Первыми к месту испытания выезжали дозиметристы, замеряя величину излучения. Если все в норме, нам давали "добро" и называли время разрешенного нахождения на объекте. Мы надевали халаты, прорезиненные плащи, сапоги, респираторы, подъезжали к устью штольни.

В нашу задачу входило снять фотопленки. Но однажды, когда в первый раз испытывали изделие НЦРШ-3 (что, если я не заблуждаюсь, означало неполную цепную реакцию, т.е. заряд для нейтронной бомбы (!)), произошла нештатная ситуация. Вижу: ребята, вместо того, чтобы вынимать пленки, срывают фотоаппараты и бросаютих в мешок. Я делаю то же самое, операция занимает 4 минуты. Сделали, вернулись к месту дислокации, закурили, расслабились. Дозу в тот раз, очевидно, набрали приличную - объективы фотоаппаратов оказались желтыми, пленки - засвеченными. Нам, правда, выдавали примитивные индивидуальные дозиметры - заряженные конденсаторы в пробирках, которые потом разряжали, определяя таким образом дозу.

Но никто из нас не спрашивал - сколько. Не поверите, но было не принято. Старослужащие махали руками:"Ерунда, не обращай внимания". Случалось и так: "На испытания поедет тот, тот и этот, а ты провинился - не поедешь". Рассказывали, что в 1949-50 гг. после воздушных испытаний посылали людей в эпицентр взрыва брать пробы - вот где набирали огромные дозы.

- Воздушные и подземные взрывы, кроме прочего, характеризуются мощнейшими электромагнитными излучениями (ЭМИ), - продолжает УВАРОВ. - Кстати, это в корне отличает их от Чернобыльской катастрофы. Таквот, эти ЭМИ настолько мощны, что километрами выгорали кабели. Представьте себе воздействие такого импульса на компьютер: информация, хранящаяся в запоминающем устройстве, просто обнулится.

Но ведь точно так же чрезвычайно серьезно ЭМИ воздействует и на мозг человека. Лично у меня, причем через 5 лет после окончания службы, проявился неврит слухового нерва: левым ухом ничего не слышу.

Колоссальнейшая сила - ядерное оружие! С помощью теодолита определяли подъем купола горы при ядерном взрыве. Представляете: до вершины идет сейсмическая волна и вдруг ровненько, чисто, без пыли, отрываетсямакушка: громадная шапка монолитного гранита поднимается вверх и начинает разваливаться, превращаясь в пыль. Страшная красота!

- По-моему мнению, все сделанное в области разработки ядерного оружия проводилось не зря, - подытожил Николай Егорович. - Огромный толчок был дан развитию промышленности.
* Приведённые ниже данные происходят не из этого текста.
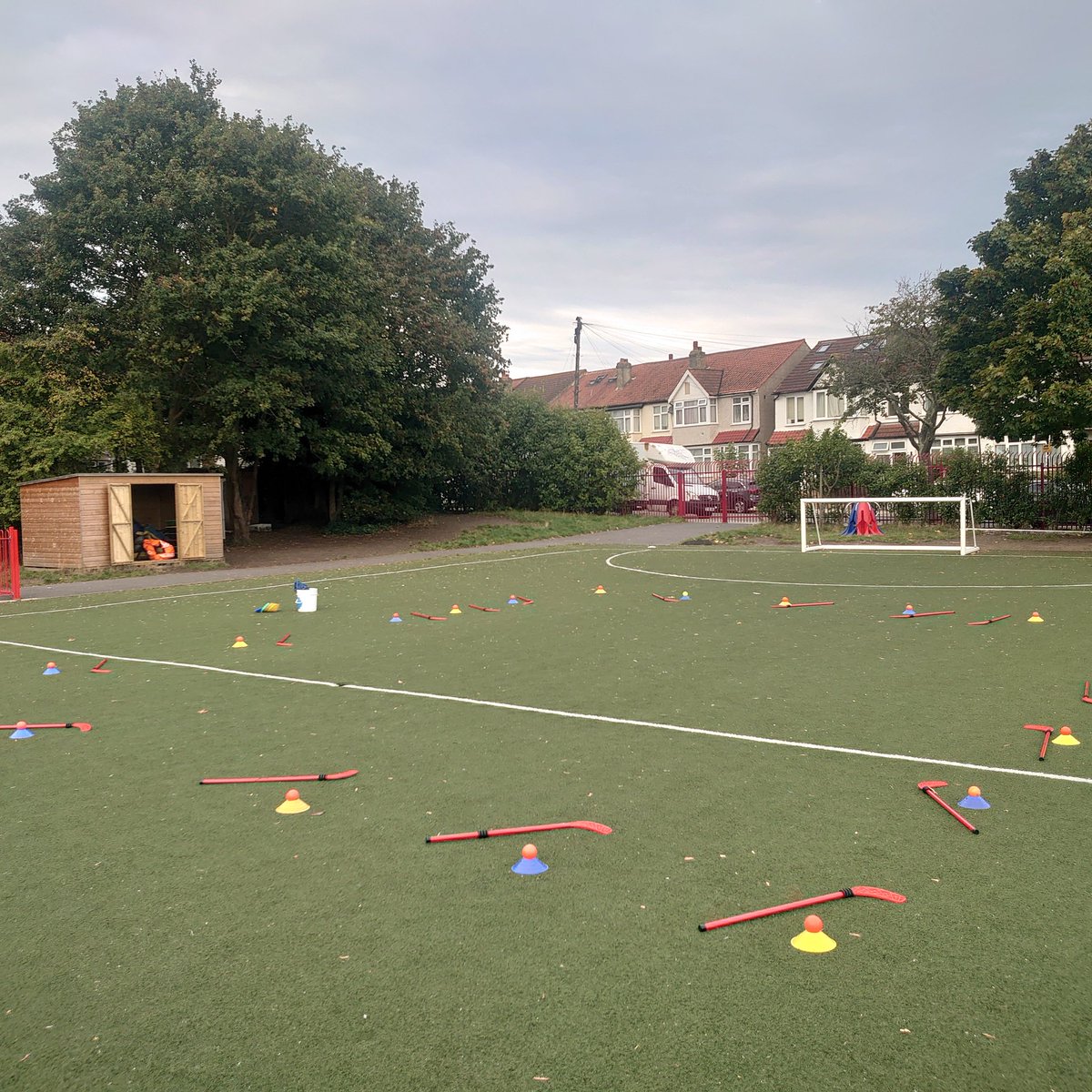 tomlyonsMM's tweet photo. Year 2 Hockey this am. Started with a pupils favourite "Bolt" working on different movements and their reaction time. Children (when they hear the buzz word) must place their ball on the nearest cone. We then introduced a hockey stick to work on their dribbling 🔥

#Granton #MM https://t.co/jcr6OuADNo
Кроме того, считаю, что после смерти Ф.РУЗВЕЛЬТА, с приходом к власти в США президента Г.ТРУМЭНА, СССР спровоцировали к гонке вооружений. И согласитесь: все-таки положительную роль сыграло то, что ядерное оружие не оказалось в руках одной страны: вы же видите - сейчас, когда Россия ослабела, американцы обнаглели, делают что хотят.

И потом, даже если бы событий 1917 года в России не произошло, что поляризовало мир, физика ХХ века все равно занялась бы ядром и ядерное оружие создали бы в любом случае. Другое дело, что народ у нас никогда не жалели, использовали, пардон, как самое последнее вещество...

После службы Николай УВАРОВ, закончив аспирантуру, защитил диссертацию. Работал в Зеленограде в НИИТМ, затем - в течение 20 лет - в закрытом военном институте занимался разработкой телевизионных головок самонаведения для ракет и авиабомб. Имеет свыше 60 научных трудов, 25 авторских свидетельств на изобретения, 4 из них внедрены в военные разработки; награжден двумя медалями. Не потерял оптимизма, чувства юмора и веры в разум человеческий.